Two — I was standing at Hinch’s pit box while they were poking at the car. To me, it seemed like an eternity he sat in there. (I can only imagine what it felt like to him!) I was watching him like a hawk because I wanted to be sure he was out before I announced his retirement online, and I swear in the entire time I was staring at him — probably about four or five laps — he only moved twice. The rest of the time, he stared straight ahead and didn’t budge an inch.
When he finally did climb out and take his helmet off, he looked to be on the verge of tears. It was impossible not to feel the intense disappointment right along with him.
He did everything right this weekend and things just refused to go his way. The good news is he’ll be back, and Toronto will be ready for him.
Another story I was following closely all race long was Simon Pagenaud. I noticed that it seemed like he came in for his first stop a bit early, so I was keeping tabs on his radio communications with his team. For a while they were telling him he was the fastest car on the course, and then they started telling him to try to conserve fuel — no surprise there.
At about the mid-point of the race, though, Charlie Kimball caught up to him. Pagenaud expressed concern about him to his team, telling them he didn’t think he could keep Kimball behind him.
At the exact same time, Kimball’s team was telling him they didn’t need to worry about fuel and to give it everything he had to get past Pagenaud.
After a lap or so of watching Simon fight for his spot, I heard his team told him to change his fuel mixture to full rich.
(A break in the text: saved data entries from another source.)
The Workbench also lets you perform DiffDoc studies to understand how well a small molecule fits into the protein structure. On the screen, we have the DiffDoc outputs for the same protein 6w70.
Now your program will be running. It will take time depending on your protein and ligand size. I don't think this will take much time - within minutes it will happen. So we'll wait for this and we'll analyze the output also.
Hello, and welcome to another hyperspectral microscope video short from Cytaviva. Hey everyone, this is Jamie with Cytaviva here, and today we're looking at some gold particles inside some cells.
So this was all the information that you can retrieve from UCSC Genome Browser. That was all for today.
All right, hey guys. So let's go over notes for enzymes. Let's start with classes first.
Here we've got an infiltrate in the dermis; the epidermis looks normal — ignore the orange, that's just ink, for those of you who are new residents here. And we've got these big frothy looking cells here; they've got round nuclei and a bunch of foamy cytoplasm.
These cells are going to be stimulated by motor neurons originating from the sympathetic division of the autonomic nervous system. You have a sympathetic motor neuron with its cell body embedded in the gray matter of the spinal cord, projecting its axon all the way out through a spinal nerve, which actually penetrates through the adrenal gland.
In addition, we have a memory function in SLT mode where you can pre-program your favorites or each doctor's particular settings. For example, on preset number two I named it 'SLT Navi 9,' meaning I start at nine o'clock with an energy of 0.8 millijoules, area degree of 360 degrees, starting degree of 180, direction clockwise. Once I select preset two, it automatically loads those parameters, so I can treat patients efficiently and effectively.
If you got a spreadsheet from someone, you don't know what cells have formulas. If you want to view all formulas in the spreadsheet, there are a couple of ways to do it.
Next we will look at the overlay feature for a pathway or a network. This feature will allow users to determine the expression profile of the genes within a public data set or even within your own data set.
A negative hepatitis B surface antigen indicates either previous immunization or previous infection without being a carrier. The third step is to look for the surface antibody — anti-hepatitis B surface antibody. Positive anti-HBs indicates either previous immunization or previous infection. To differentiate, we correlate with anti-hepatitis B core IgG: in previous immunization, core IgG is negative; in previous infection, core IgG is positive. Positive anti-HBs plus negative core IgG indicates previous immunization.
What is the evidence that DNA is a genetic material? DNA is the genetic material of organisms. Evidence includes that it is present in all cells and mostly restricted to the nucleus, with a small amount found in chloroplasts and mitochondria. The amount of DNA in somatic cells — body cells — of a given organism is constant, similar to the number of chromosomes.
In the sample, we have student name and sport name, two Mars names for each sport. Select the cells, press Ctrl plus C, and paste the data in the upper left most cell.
From that point, Pagenaud didn’t have as much trouble defending the spot.
Where this became most interesting, though, was at the end of the race when Pagenaud had to stop for a splash of fuel.
A misjudgment, no question. But where does the blame fall for that? Should Rob Edwards have insisted that Pagenaud bide his time? Probably. But if yellows hadn’t gone their way and fuel hadn’t ended up being a factor, they’d have regretted the lost spot(s), too. No attack, no chance, as another INDYCAR driver likes to say. That’s just how racing goes sometimes, and if you’re not going for it, you’re not racing.
Speaking of yellows and going for it, whether INDYCAR should implement a green-white-checkered rule has been a very hot topic in racing circles this week. I’m going to defer discussing that here because Paul and I have opted to take this subject on for our Counterpoint this week on INDYCAR Nation. Keep an eye out for it later this week at indycarnation.indycar.com.
Before we move on to the off-track stuff, plenty of other people are saying this in other venues, so I’ll just touch on it briefly: If someone had told you at the beginning of May that by the middle of July there’s be an American in the points lead who doesn’t drive for Roger Penske or Chip Ganassi, would you have believed it? I wouldn’t have. Not for a second.
Randy Bernard on the 2013 schedule. Randy Bernard visited the media centre (I’m allowed to spell it “centre” this week because we were in Canada) for his customary informal media availability.
Naturally, the majority of the questions concerned the 2013 schedule.
Here’s what we learned: his goal is to have 19 races and to release it by September 1st.
Road America won’t be on it, nor will Michigan International Speedway. Both of those tracks are too close to existing events that INDYCAR is committed to developing into healthy standalone entities first.
The downtown Chicago race is also a non-starter. “With street races especially, until there’s a deposit made and a contract signed, there’s no truth to any of it,” Bernard said. “There’s nothing there. I read what you read in the paper.”
He is, however, very interested in a return to Chicagoland Speedway.
There are other oval tracks on his radar as well. He’s meeting with Phoenix International Raceway later this week, and Pocono is studying the feasibility of INDYCAR’s return.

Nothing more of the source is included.